## YOUR INSTRUCTIONS
Write out each record below exactly, but not the pictures.

## DATA SUPPLIED
******************************

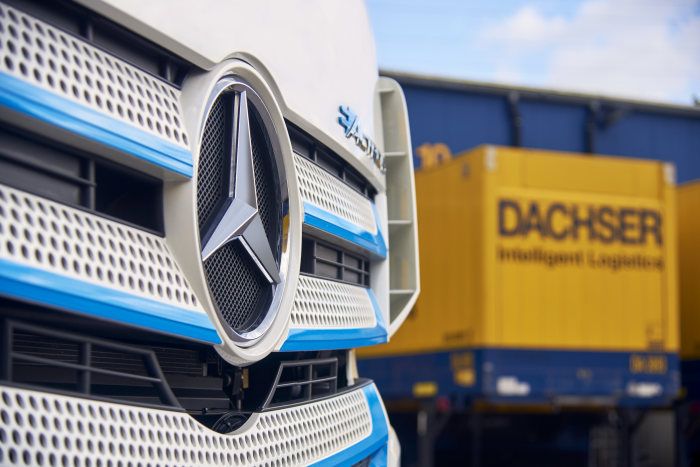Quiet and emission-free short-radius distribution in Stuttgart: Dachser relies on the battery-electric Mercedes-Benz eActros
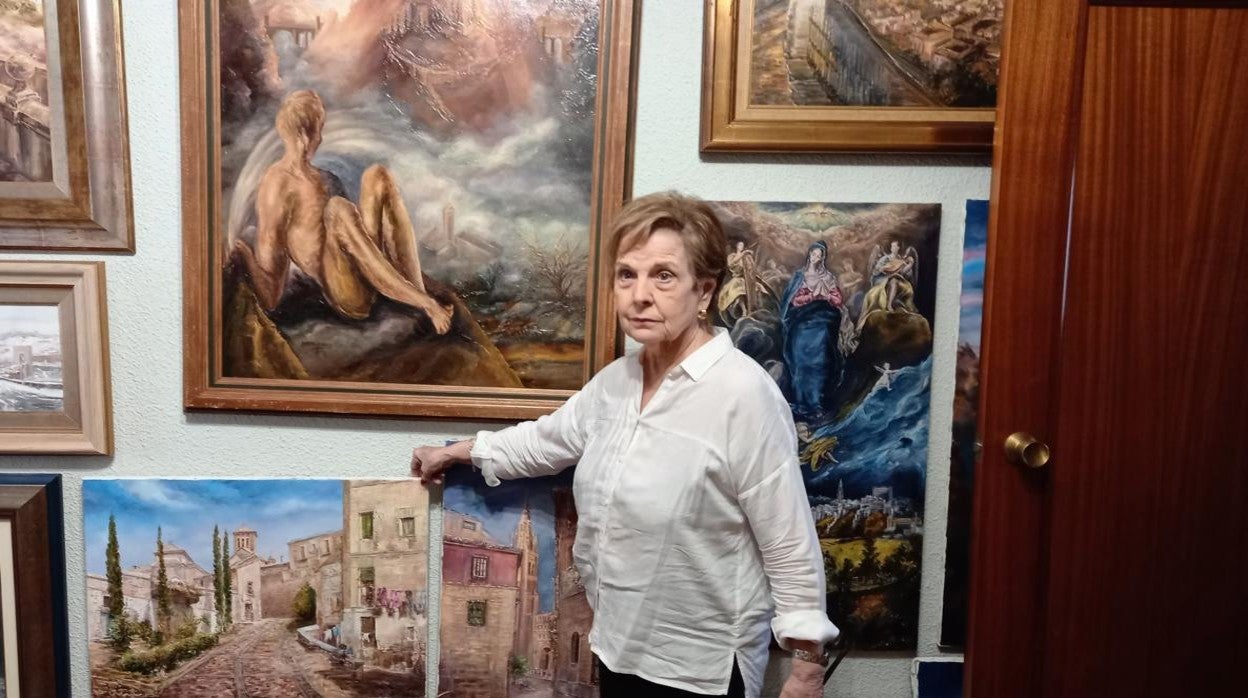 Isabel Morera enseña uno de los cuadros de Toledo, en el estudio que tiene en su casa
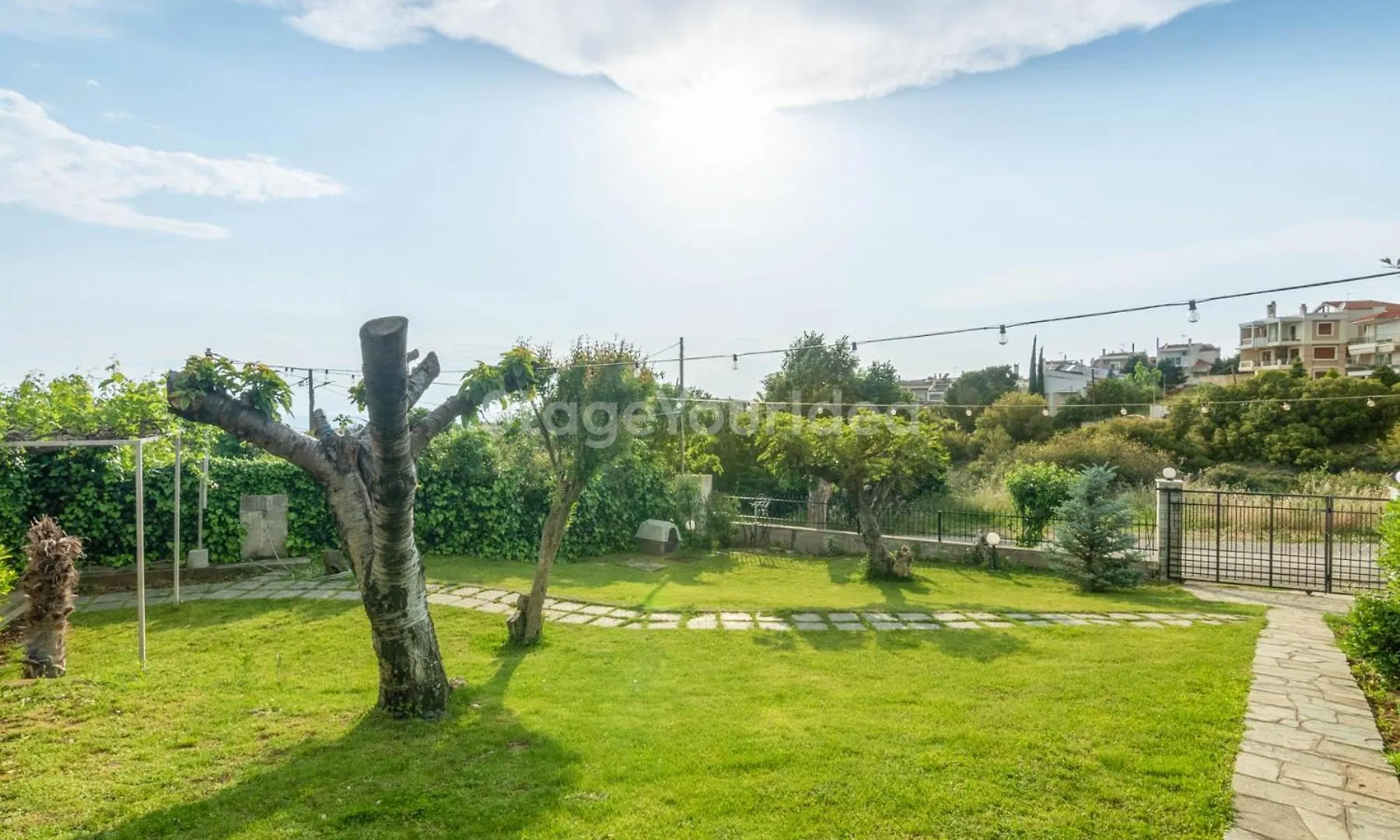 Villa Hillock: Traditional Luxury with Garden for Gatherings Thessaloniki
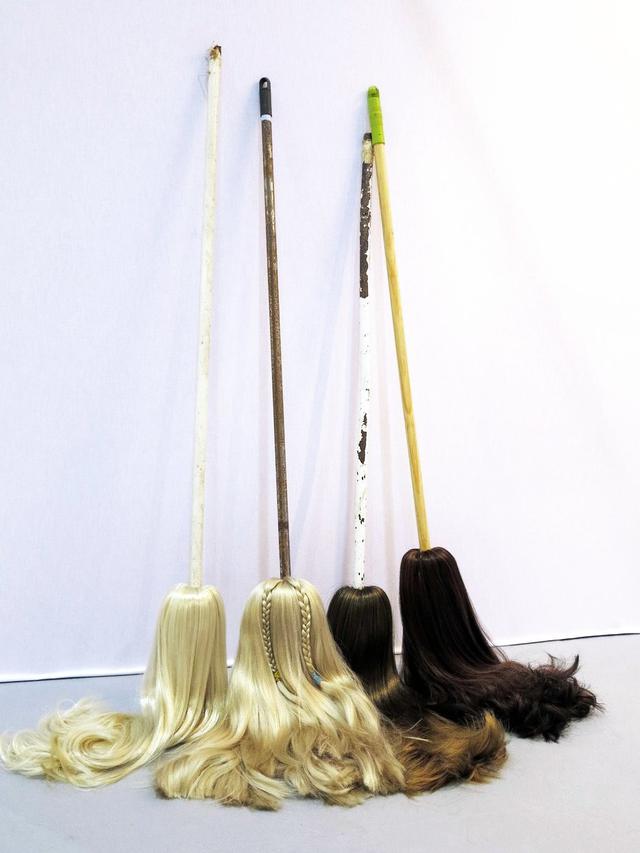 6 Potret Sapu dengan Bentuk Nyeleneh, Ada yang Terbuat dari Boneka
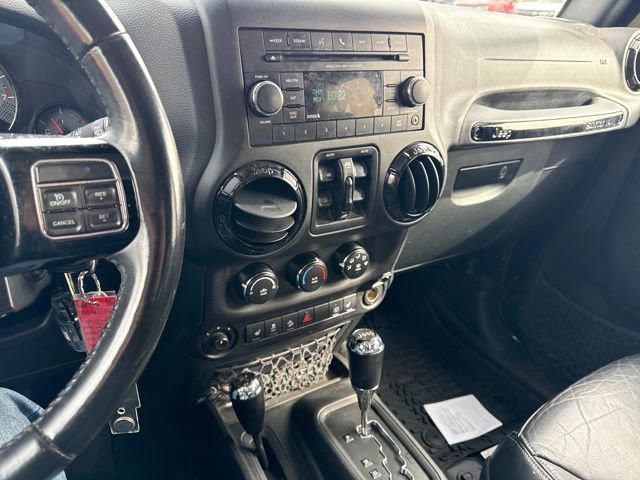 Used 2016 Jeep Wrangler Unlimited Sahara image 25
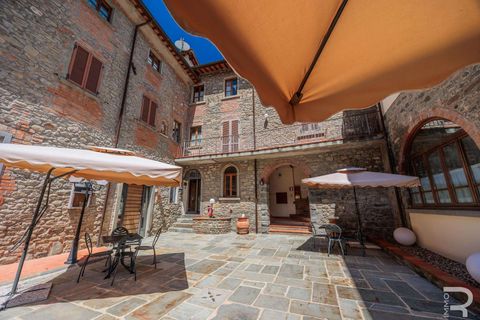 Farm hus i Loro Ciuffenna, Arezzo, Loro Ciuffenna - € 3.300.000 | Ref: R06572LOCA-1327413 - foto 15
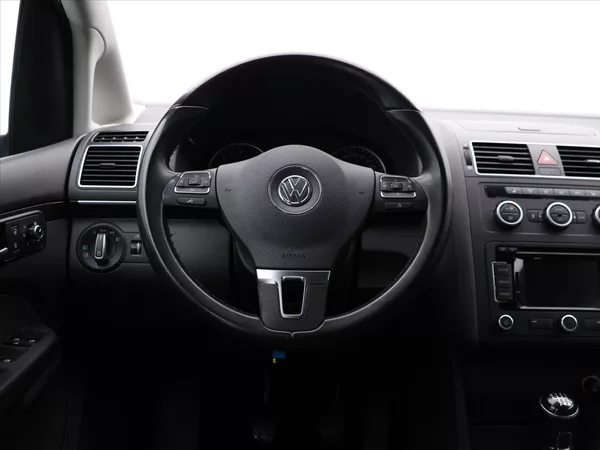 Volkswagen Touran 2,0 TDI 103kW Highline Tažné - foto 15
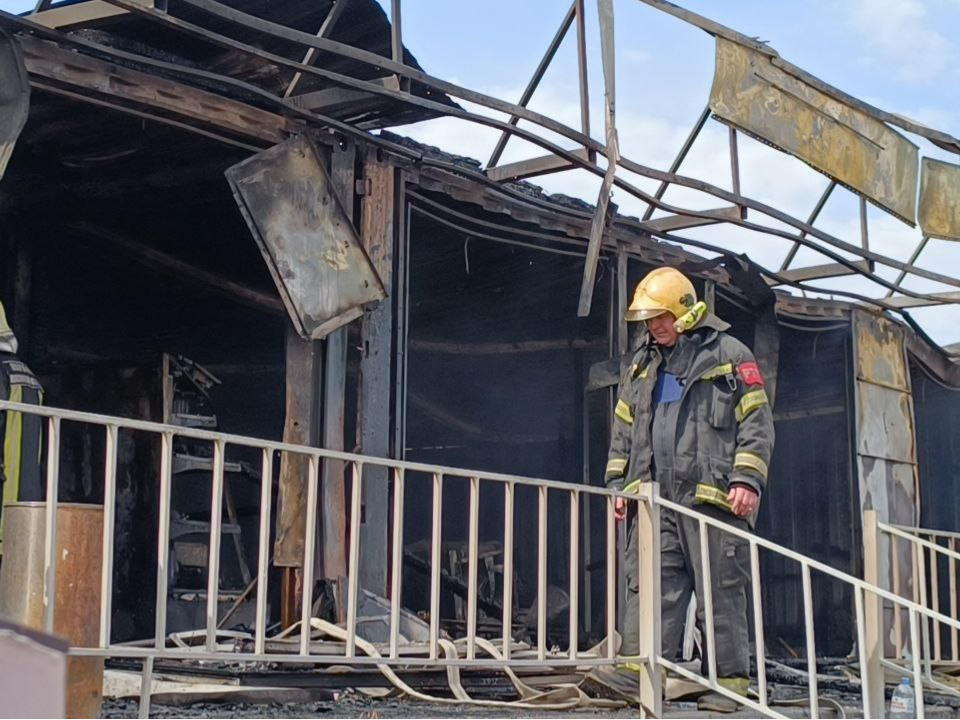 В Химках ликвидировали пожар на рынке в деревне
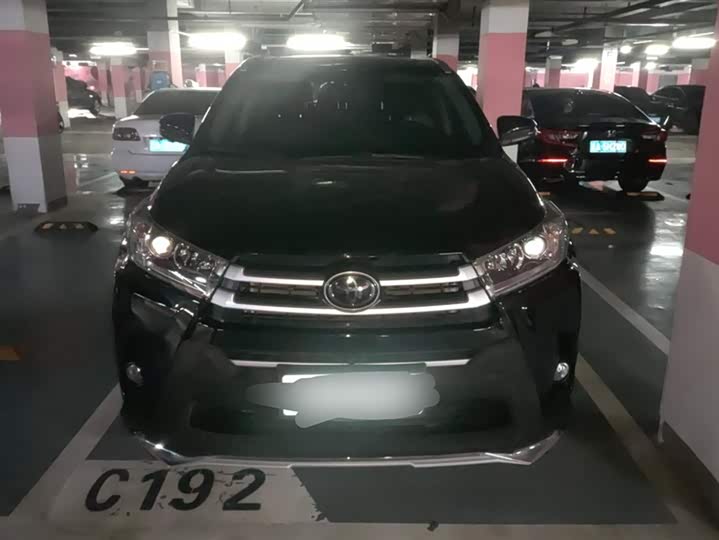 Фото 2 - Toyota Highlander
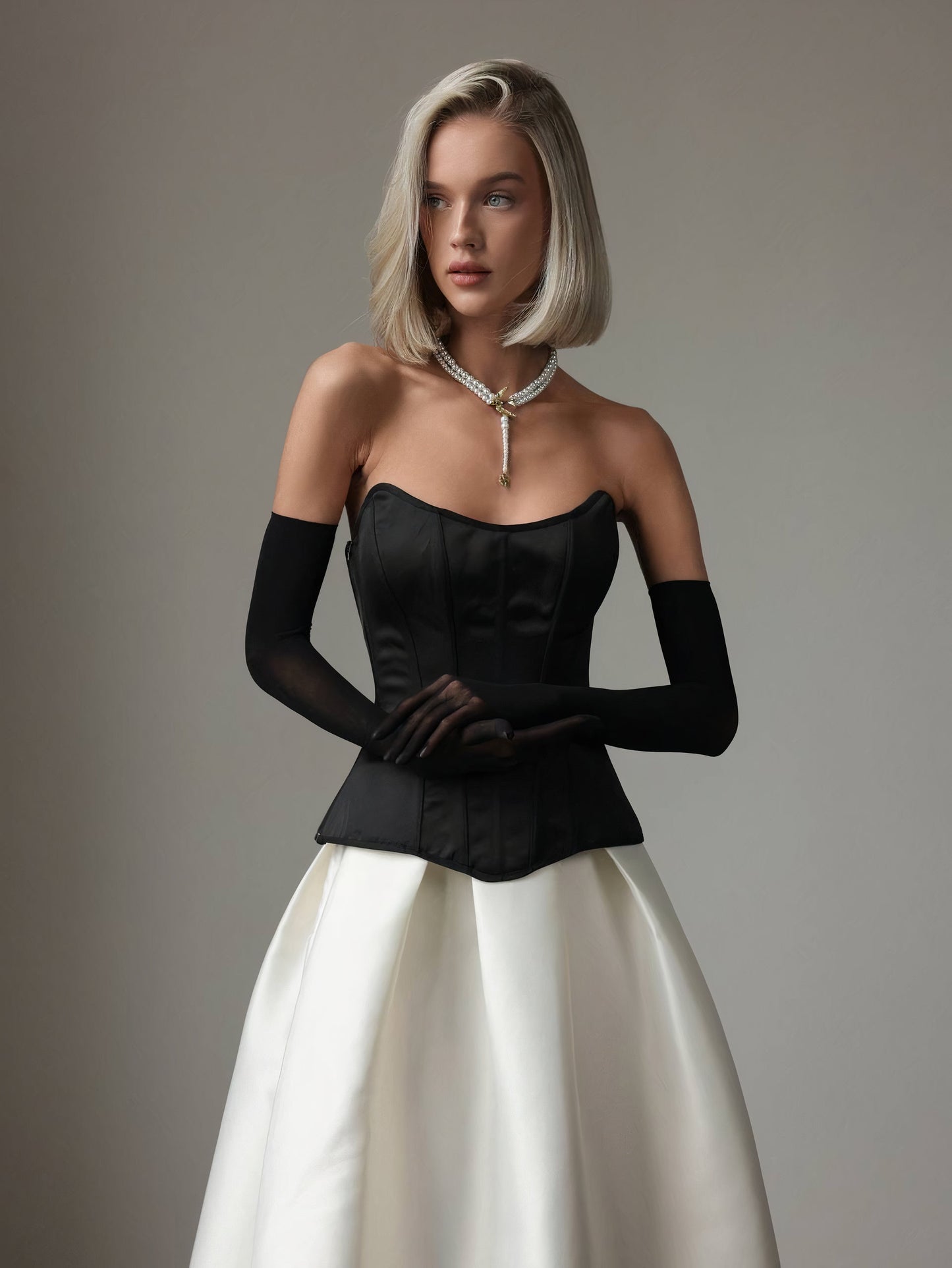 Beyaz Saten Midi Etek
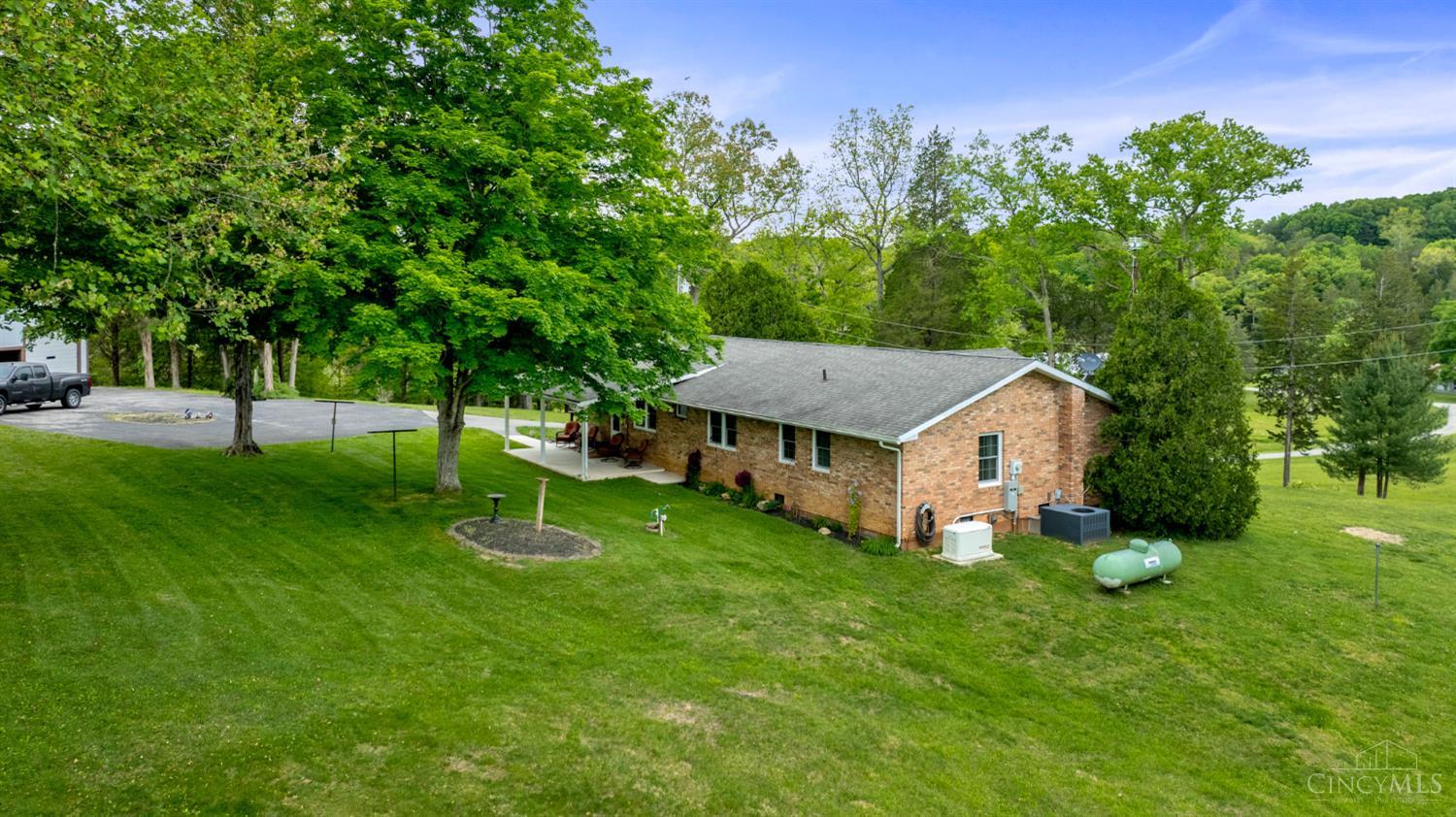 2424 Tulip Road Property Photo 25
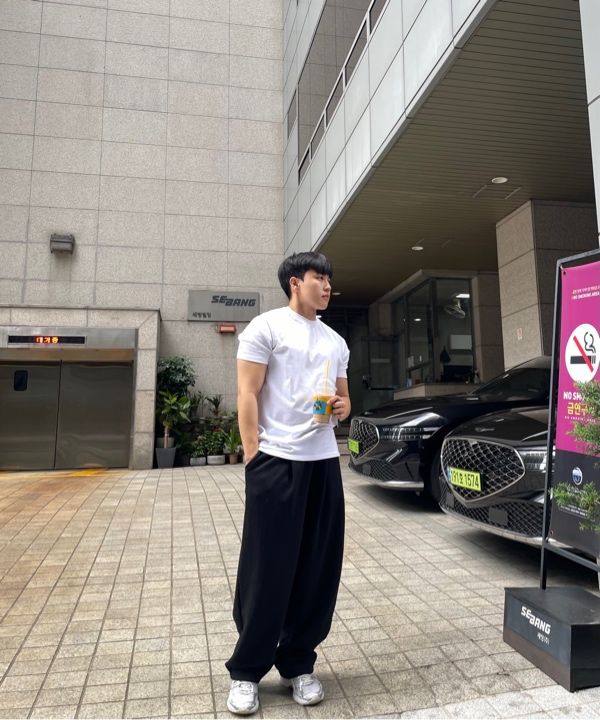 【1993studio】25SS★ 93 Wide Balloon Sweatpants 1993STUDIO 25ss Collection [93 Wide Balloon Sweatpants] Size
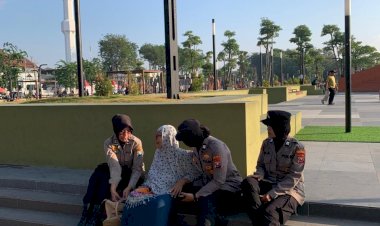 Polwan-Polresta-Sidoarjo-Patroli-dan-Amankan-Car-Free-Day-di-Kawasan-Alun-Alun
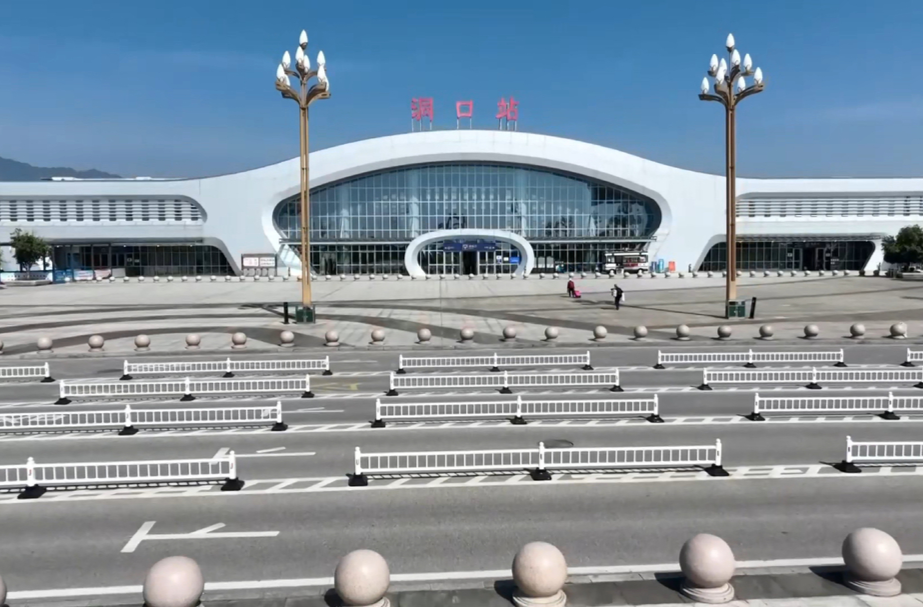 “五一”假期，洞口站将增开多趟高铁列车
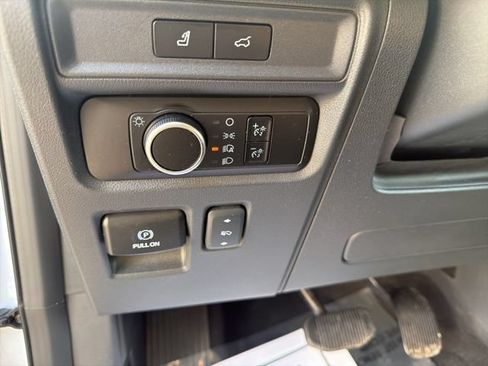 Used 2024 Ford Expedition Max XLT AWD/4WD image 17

******************************

## EXERCISE RESULT
Quiet and emission-free short-radius distribution in Stuttgart: Dachser relies on the battery-electric Mercedes-Benz eActros
 Isabel Morera enseña uno de los cuadros de Toledo, en el estudio que tiene en su casa
 Villa Hillock: Traditional Luxury with Garden for Gatherings Thessaloniki
 6 Potret Sapu dengan Bentuk Nyeleneh, Ada yang Terbuat dari Boneka
 Used 2016 Jeep Wrangler Unlimited Sahara image 25
 Farm hus i Loro Ciuffenna, Arezzo, Loro Ciuffenna - € 3.300.000 | Ref: R06572LOCA-1327413 - foto 15
 Volkswagen Touran 2,0 TDI 103kW Highline Tažné - foto 15
 В Химках ликвидировали пожар на рынке в деревне
 Фото 2 - Toyota Highlander
 Beyaz Saten Midi Etek
 2424 Tulip Road Property Photo 25
 【1993studio】25SS★ 93 Wide Balloon Sweatpants 1993STUDIO 25ss Collection [93 Wide Balloon Sweatpants] Size
 Polwan-Polresta-Sidoarjo-Patroli-dan-Amankan-Car-Free-Day-di-Kawasan-Alun-Alun
 “五一”假期，洞口站将增开多趟高铁列车
 Used 2024 Ford Expedition Max XLT AWD/4WD image 17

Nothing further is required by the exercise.